From 17 -24 December, we move into the second stage of Advent, with the emphasis less on waiting for the Second Coming of Christ and more on preparing ourselves for a worthy celebration of the Nativity.
A very ancient set of prayers used during this time are the ‘O Antiphons’, recited during Evening Prayer. These short prayers take up seven titles for the Messiah found in the bible.
For example, on the 20th December we pray: “O key of David and sceptre of Israel, what you open no one else can close again; what you close, no one can open. O come and lead the captive from prison; free those who sit in darkness and in the shadow of death.”
This text, picking up on the prophecy of Isaiah 22:22 (‘the Key of David will be place upon his shoulder and what he opens no one will shut’) speaks of Jesus’ Coming as a moment of liberation, when the gates of heaven are swung wide open.
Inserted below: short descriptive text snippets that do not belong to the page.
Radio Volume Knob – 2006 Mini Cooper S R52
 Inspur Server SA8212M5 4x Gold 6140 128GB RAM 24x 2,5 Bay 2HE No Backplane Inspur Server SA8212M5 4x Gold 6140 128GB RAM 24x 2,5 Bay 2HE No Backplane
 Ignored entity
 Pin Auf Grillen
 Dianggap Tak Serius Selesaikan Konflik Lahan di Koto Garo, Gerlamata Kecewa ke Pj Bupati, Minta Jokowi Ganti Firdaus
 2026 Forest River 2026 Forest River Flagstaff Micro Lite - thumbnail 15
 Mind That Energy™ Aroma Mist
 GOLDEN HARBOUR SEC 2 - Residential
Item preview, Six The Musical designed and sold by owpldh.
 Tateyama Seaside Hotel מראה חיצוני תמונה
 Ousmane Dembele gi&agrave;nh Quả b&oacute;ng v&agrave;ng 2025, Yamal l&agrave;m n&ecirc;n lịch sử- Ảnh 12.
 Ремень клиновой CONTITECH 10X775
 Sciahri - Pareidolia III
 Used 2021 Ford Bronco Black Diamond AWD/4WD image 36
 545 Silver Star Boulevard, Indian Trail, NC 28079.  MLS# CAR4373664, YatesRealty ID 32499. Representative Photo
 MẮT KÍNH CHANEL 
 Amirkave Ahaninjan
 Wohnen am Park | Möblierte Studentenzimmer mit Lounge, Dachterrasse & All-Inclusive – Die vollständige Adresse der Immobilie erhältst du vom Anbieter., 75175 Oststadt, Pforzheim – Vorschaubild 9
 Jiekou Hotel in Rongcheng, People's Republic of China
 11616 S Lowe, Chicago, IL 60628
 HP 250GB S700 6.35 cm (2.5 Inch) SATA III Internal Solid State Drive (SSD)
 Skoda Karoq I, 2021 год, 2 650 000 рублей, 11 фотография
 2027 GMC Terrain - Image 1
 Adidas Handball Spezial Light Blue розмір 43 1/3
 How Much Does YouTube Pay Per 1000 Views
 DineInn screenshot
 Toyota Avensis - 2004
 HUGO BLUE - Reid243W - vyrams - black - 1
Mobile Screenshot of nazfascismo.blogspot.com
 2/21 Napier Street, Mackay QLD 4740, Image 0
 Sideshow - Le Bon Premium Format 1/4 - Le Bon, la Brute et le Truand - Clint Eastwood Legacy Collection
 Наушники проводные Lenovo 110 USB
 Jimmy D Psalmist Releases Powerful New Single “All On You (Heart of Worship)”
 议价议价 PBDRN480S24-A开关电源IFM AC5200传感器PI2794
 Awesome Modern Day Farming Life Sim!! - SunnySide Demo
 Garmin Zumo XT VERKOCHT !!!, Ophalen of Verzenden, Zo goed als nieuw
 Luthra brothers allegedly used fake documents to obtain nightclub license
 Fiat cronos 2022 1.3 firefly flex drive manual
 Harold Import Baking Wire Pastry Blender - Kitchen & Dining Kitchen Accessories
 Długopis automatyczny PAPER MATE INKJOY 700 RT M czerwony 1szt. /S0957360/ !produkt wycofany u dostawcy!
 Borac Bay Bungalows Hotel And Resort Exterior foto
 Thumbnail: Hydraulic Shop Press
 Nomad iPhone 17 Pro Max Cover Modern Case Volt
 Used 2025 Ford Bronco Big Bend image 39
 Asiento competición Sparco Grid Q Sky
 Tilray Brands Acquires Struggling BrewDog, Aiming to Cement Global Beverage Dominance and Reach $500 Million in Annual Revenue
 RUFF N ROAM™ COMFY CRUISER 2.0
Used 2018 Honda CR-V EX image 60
At some stage in their history, Benedictine monks put these antiphons into the particular order found below.
O Wisdom (Sapientia)
O Lord (Adonai)
O Root of Jesse (Radix Jesse)
O Key of David (Clavis David)
O Rising Sun (Oriens)
O King of the Nations (Rex gentium)
O God-with-us (Emmanuel)
There was a liturgical joke in doing this. By taking the first letter in Latin of each of the titles and working backwards, we come up with the words, Ero cras meaning ‘I will come tomorrow.’ It’s as if Christ’s promise is hidden even in our petitions for him to come and save us.
You’ve probably spotted that these antiphons are the inspiration behind the familiar Advent hymn, O come, O come Emmanuel. In these last few days before Christmas, why not find time to read through the verses of this hymn and take some time to pray about what they are saying?